“Tony Feher” exhibit at Akron Art Museum a must see display of found object art
If you drive by the Akron Art Museum, a Knight Arts grantee, you will notice three giant red balls hanging from three sides of the building. Dangling really, as if to guide you to come and see what’s going on there. That’s exactly what the artist, Tony Feher, whose name is the title of the current exhibit, wants you to do. So too does AAM, for that matter.
Feher makes art out of found objects, everyday mundane items that most of us would use and discard—or perhaps never see or pay attention to, like wall insulation. This 25-year retrospective exhibition, organized by the Blaffer Art Museum at the University of Houston and on view through August 17, features more than 50 carefully selected sculptures and wall pieces dating from 1987 through 2012.

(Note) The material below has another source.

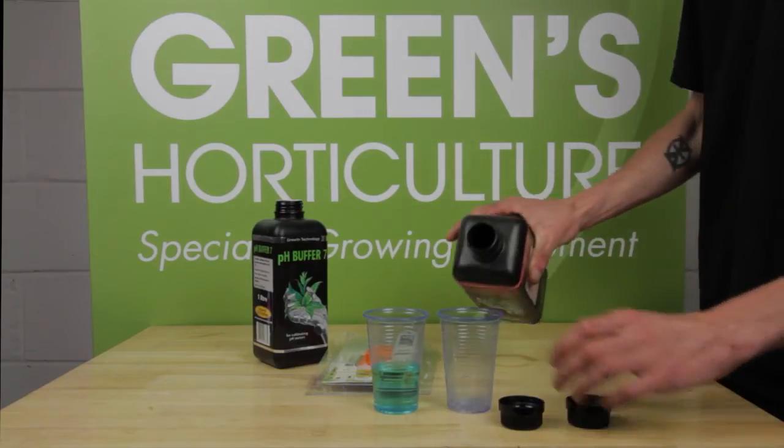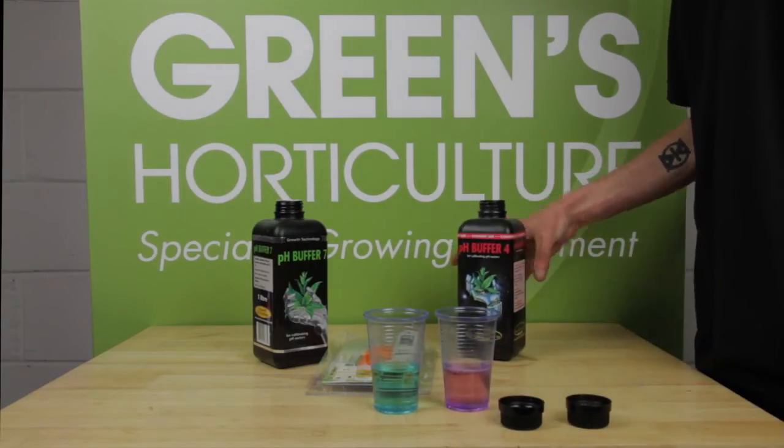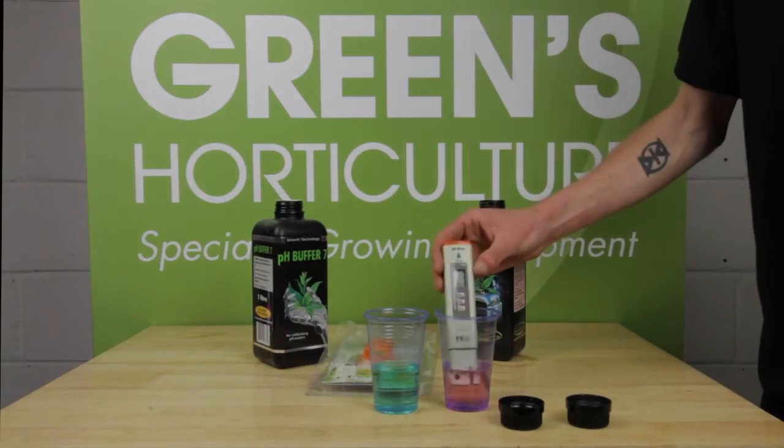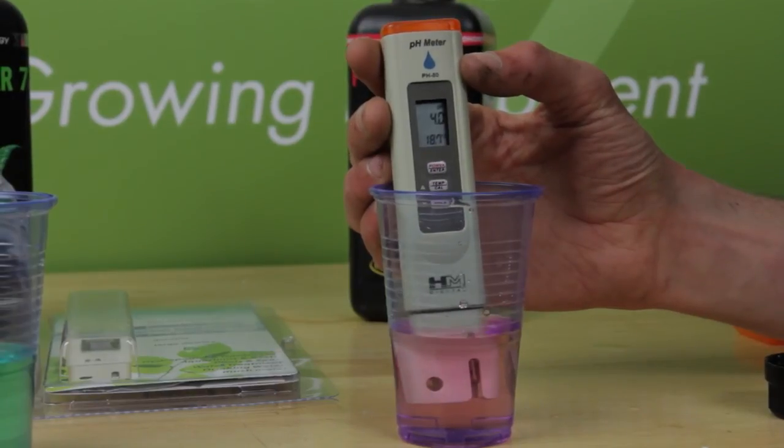We can't overstate the importance of accurate pH readings to your successful grow, so we would recommend testing the pen in another pH buffer solution. We're using pH 4 buffer for this. Simply immerse the pen in the buffer 4 as before and check your reading — ours is spot on.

Feher collects many of his materials—bottles and jars, plastic bags and polystyrene blocks—after they have been emptied and discarded. One of the most notable and striking examples of this is his piece called “Blossom” (2008), in which he creates a huge four-foot, fan-like object out of pink extruded polystyrene.
Another dramatic work is “Birth Stone” (also 2008). It is simply a circle of 50-plus glass bottles of dark green or deep red, into which he places a vivid ruby-colored marble atop each bottle. The work is striking and extremely rich looking, considering the source of the materials.
An untitled honey jar filled with red marbles dating to 1987 is the earliest work in the exhibition and resulted from Feher spying a cluster of marbles in a toy store window in Greenwich Village. Admiring their color and luminosity, Feher immediately realized that he could express his intentions by combining objects as much as by manipulating paint or craft materials.
Yet another interesting design is his “Enjoy” (2001), a work that is a rectangular pile of 350 red plastic soda cases, each of which is inscribed with the phrase “TF 2001″—that is, a combination of his initials and the year of the piece.
His ideas are seemingly simple, like that kind of thing that anyone can do (but don’t, and he does), like his use of a carpet remnant onto which he places marbles along the contours of the design. Clever, and ingeniously artistic.
“Tony Feher” will be on view 11 a.m.-5 p.m. Wednesdays-Sundays and 11 a.m.-9 p.m. on Thursdays through August 17 at the Akron Art Museum, One South High St., Akron; 330-376-9185; www.akronartmuseum.org. Admission is $7 (free on Thurdays).